Colorado has pending before the District Court a motion to stay the preliminary injunction order pending the outcome of the appeal. We previously blogged about Colorado’s brief supporting this motion and observed that there is no likelihood of the Court granting this motion and that it was filed as a prerequisite to later filing the same motion in the 10th Circuit. Under 10th Circuit precedent and Rule 8(a)(1) of the Federal Rules of Appellate Procedure, Colorado is entitled to a stay of the preliminary injunction order only if it can demonstrate to the Court (1) its likelihood of success on the merits of the appeal; (2) irreparable injury if the stay were denied; (3) that a stay would not substantially harm other parties to the litigation; and (4) that the public interests favor a stay.

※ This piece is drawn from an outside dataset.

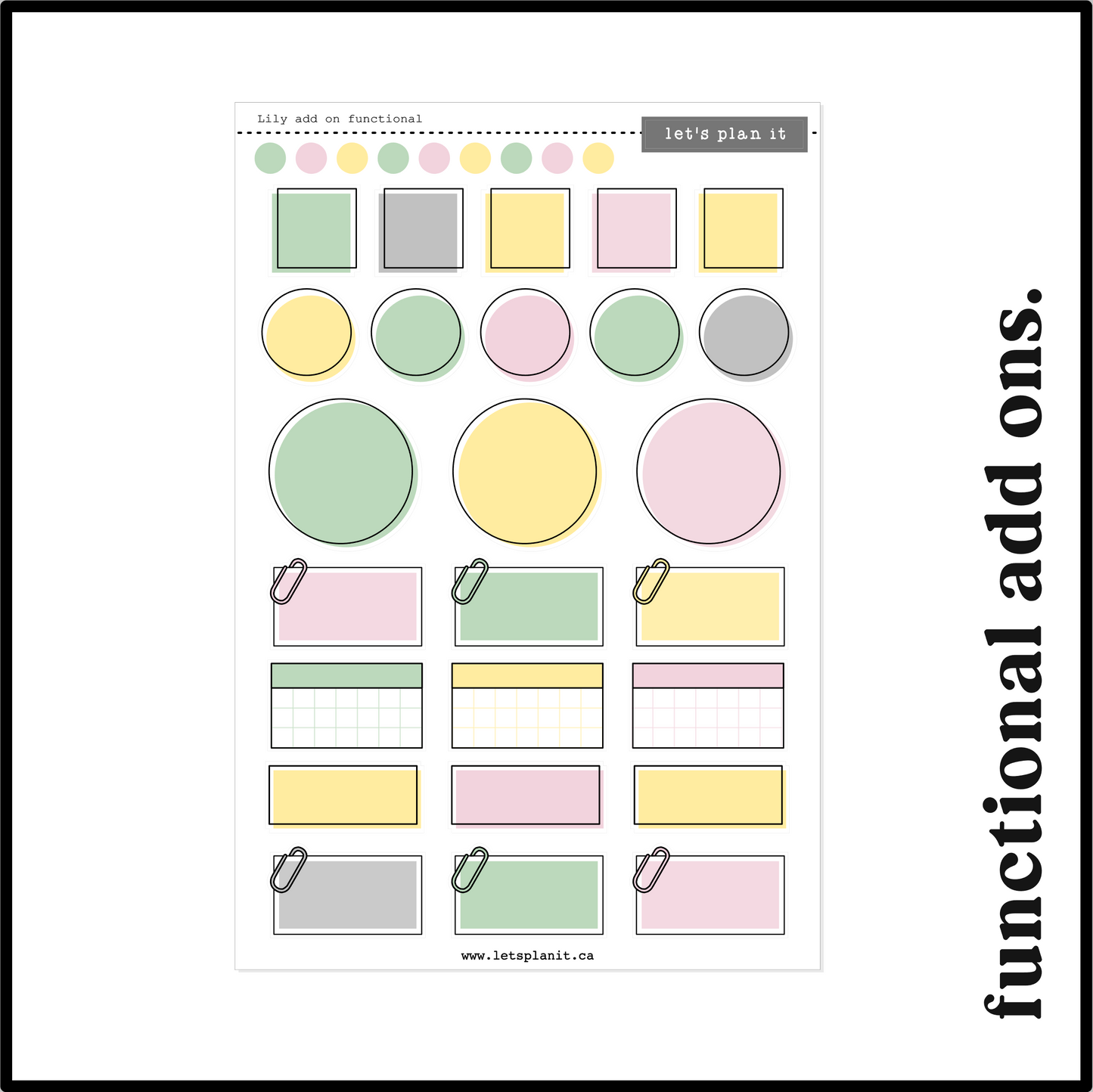 LILY COLLECTION | Weekly Kits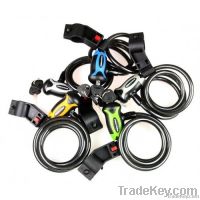 Polygon Spiral Bike Lock with Keys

The plaintiff-trade groups last week filed their opposition brief which made the following arguments:

  1. In response to Colorado’s argument that a loan can’t be “made” without there being a borrower involved as well, the plaintiffs make the point that while that is true, it is beside the point. It is also true that while a borrower can’t receive a loan unless a lender makes a loan, that doesn’t mean that a lender also receives a loan. In response to Colorado’s argument that the injunction undermines the intent of Congress with respect to Section 525 of DIDMCA, the plaintiffs argue that (1) the express language used in the statute (“loans made”) overrides Congressional intent and (2) Congressional intent with respect to Sections 521 and 525 was focused exclusively on loans made to borrowers within the opt-out state.
  2. Colorado’s argument that the plaintiffs have no legally cognizable cause of action is frivolous. As the District Court recognized, Ex Parte Young, 209 U.S. 123 (1908), allows suits in federal courts for injunctions against officials acting on behalf of states to proceed despite the State’s sovereign immunity when the State acted contrary to any federal law or contrary to the Constitution. Colorado argued that Ex Parte Young does not apply to lawsuits predicated on federal preemption of state laws because of the existence of the FDIC. There is nothing in the Federal Deposit Insurance Act that evinces any intent by Congress to preclude a lawsuit like the one brought here pursuant to Ex Parte Young.
  3. The Plaintiffs argue:

Colorado mischaracterizes the preliminary injunction as a “disfavored injunction,” and argues that the Court failed to apply the heightened standard required to grant one. Mot. 12-13. Colorado is incorrect on both counts. First, while the Court found it “doubtful” that the injunction sought by plaintiffs was disfavored, it also found that it “need not resolve that question, because … the plaintiffs have made a showing as to their likelihood of success on the merits and threatened irreparable harm sufficient to satisfy even the heightened standard for disfavored injunctions.” Order 6-7. So whatever standard applies, Plaintiffs have met it.

Second, Colorado is in any event incorrect that a heightened standard applies here: The preliminary injunction does not permanently enjoin Colorado’s interest rate caps, and it therefore does not afford Plaintiffs “all the relief that the moving party could expect from a trial win.” Free the Nipple-Fort Collins v. City of Fort Collins, 916 F.3d 792, 797-98 & n.3 (10th Cir. 2019) (stating application of the heightened standard “was likely in error” because “if the plaintiffs lose on the merits after a trial, then [the defendant] may fully enforce its public-nudity ordinance”); see also Order 6 n.2.

  1. As the District Court has already determined, the failure to enter a preliminary injunction would substantially harm the plaintiffs.